» **To do**: Would you please write out only the lines running from the top of the listing through the one holding "DeFacto Γυναικείο τζιν", exactly, with both ends kept and pictures left out?

» **The data**:
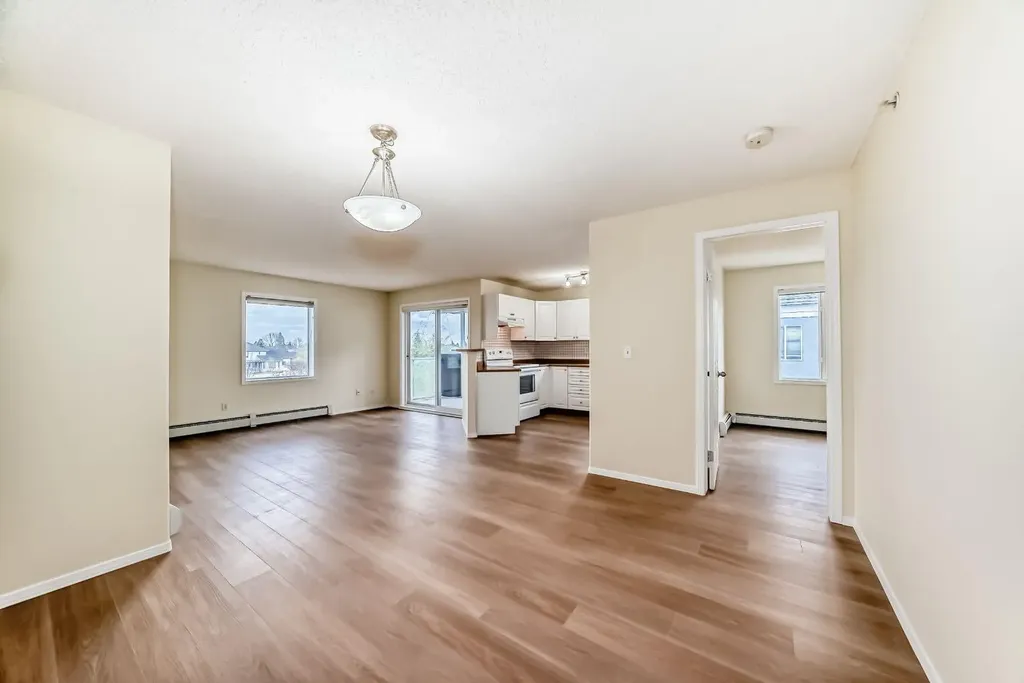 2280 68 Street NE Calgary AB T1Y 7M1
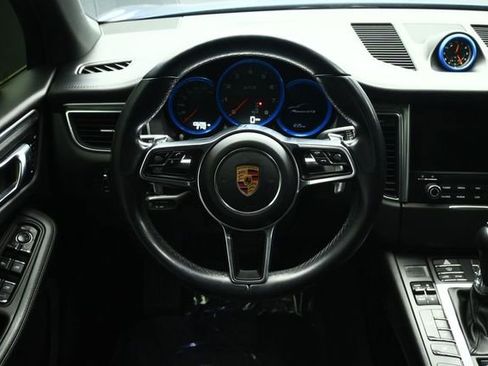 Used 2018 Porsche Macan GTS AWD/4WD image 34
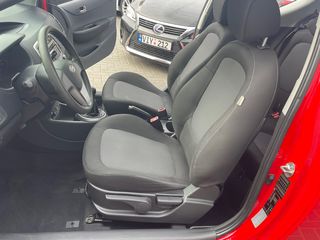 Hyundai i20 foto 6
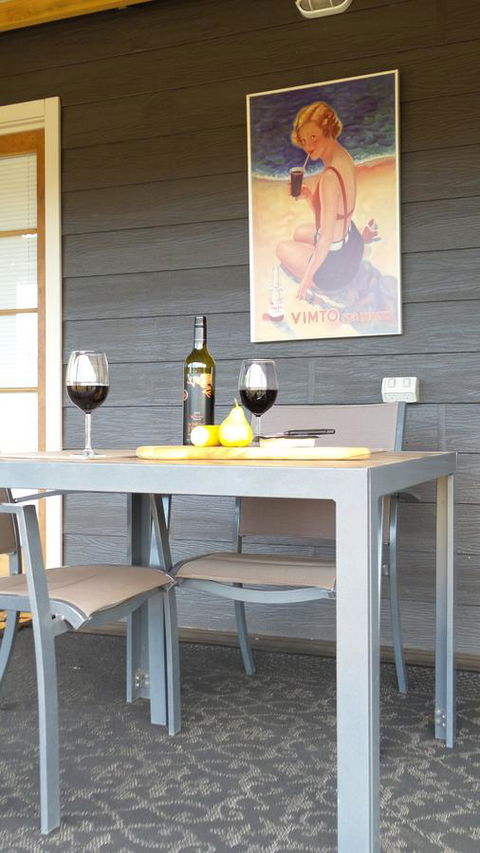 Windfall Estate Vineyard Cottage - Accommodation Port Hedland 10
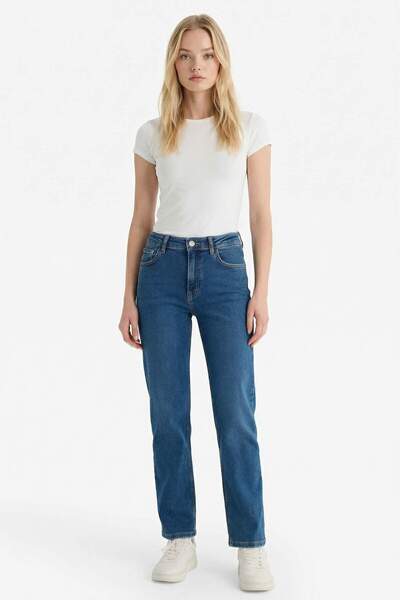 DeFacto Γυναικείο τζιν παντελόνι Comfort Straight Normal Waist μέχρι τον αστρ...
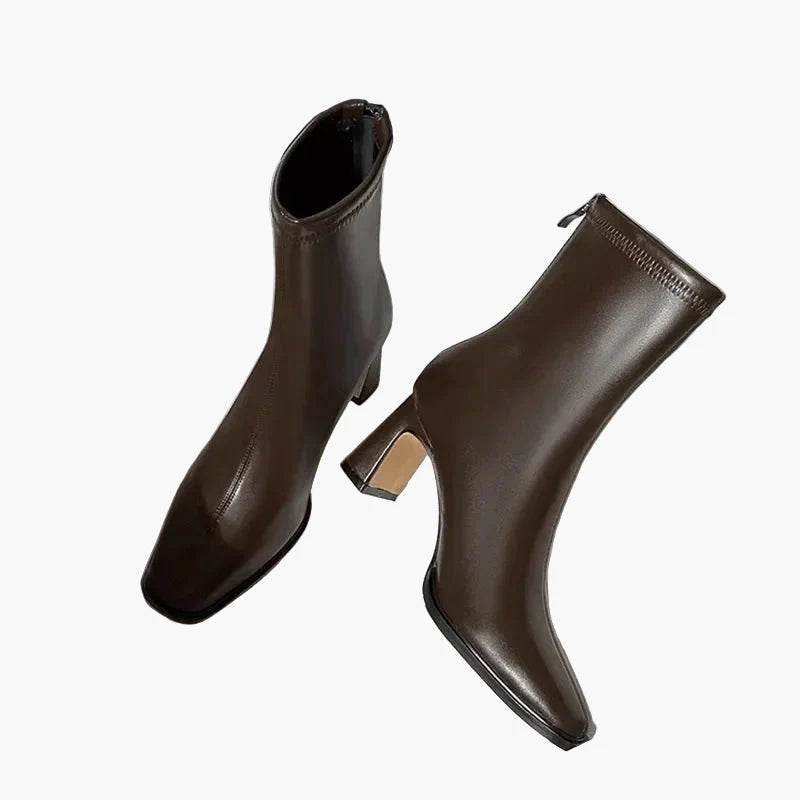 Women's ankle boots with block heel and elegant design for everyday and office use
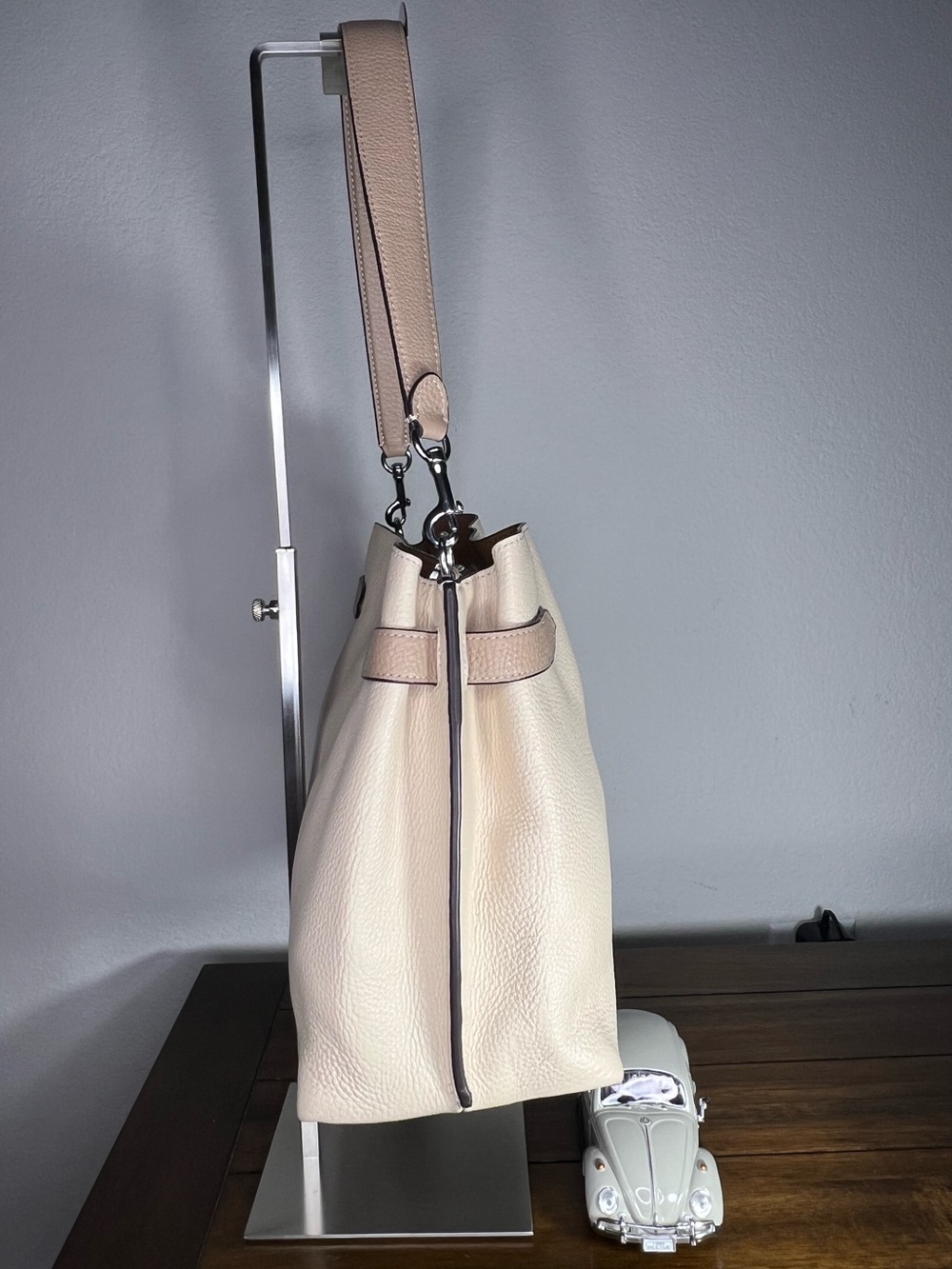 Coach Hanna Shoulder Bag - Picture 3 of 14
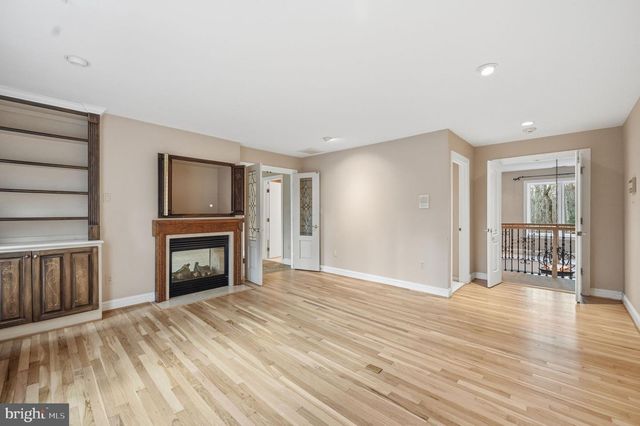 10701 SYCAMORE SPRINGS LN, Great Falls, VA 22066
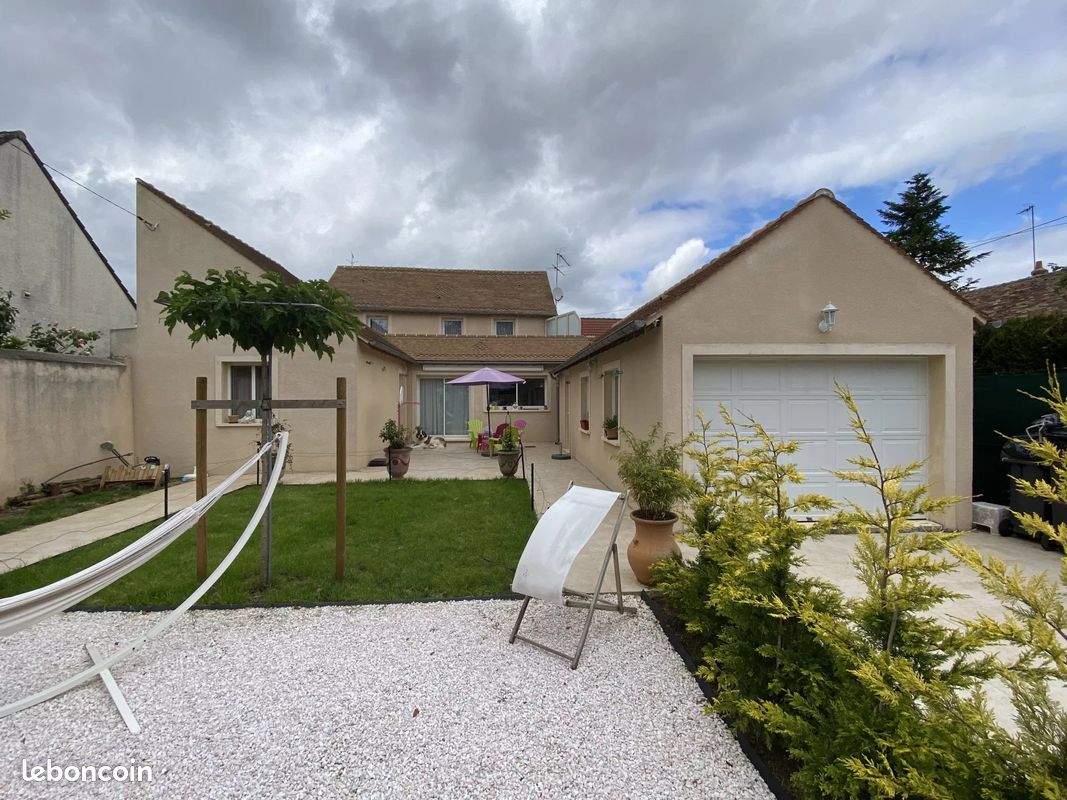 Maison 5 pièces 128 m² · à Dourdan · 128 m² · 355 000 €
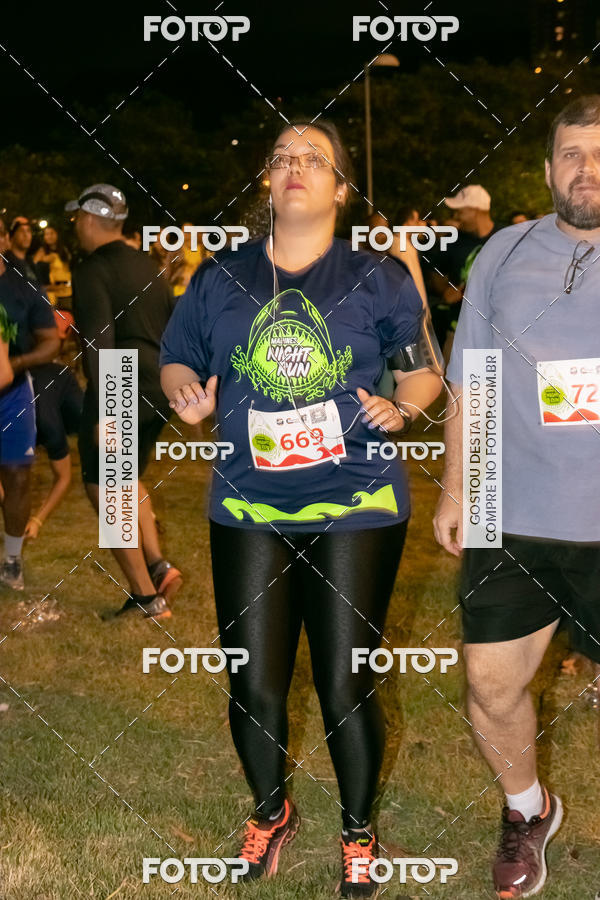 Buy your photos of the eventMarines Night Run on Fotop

» **Problem solution**:
 2280 68 Street NE Calgary AB T1Y 7M1
 Used 2018 Porsche Macan GTS AWD/4WD image 34
 Hyundai i20 foto 6
 Windfall Estate Vineyard Cottage - Accommodation Port Hedland 10
 DeFacto Γυναικείο τζιν παντελόνι Comfort Straight Normal Waist μέχρι τον αστρ...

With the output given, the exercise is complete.